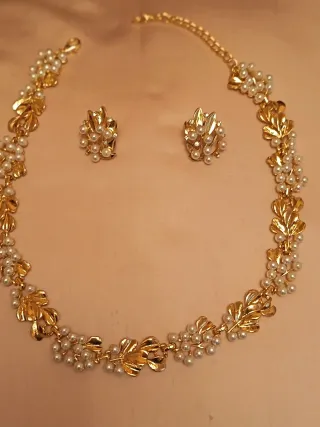 Conjunto Gargantilla y Pendientes Dorados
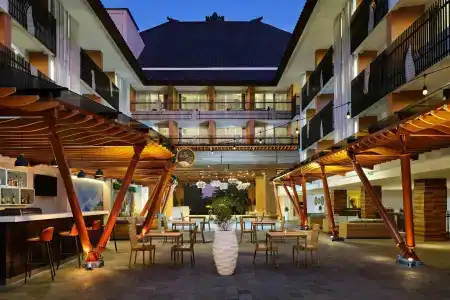 Fairfield by Marriott Bali Kuta Sunset Road - 17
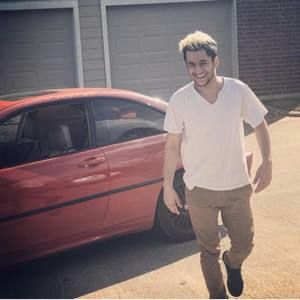 Meet your Posher, Amjad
━━━━━━━━━━━━━━━━━━━━
• [PROBLEM STATEMENT] Reproduce the data word for word without its images.

• [TASK OUTPUT]
 Conjunto Gargantilla y Pendientes Dorados
 Fairfield by Marriott Bali Kuta Sunset Road - 17
 Meet your Posher, Amjad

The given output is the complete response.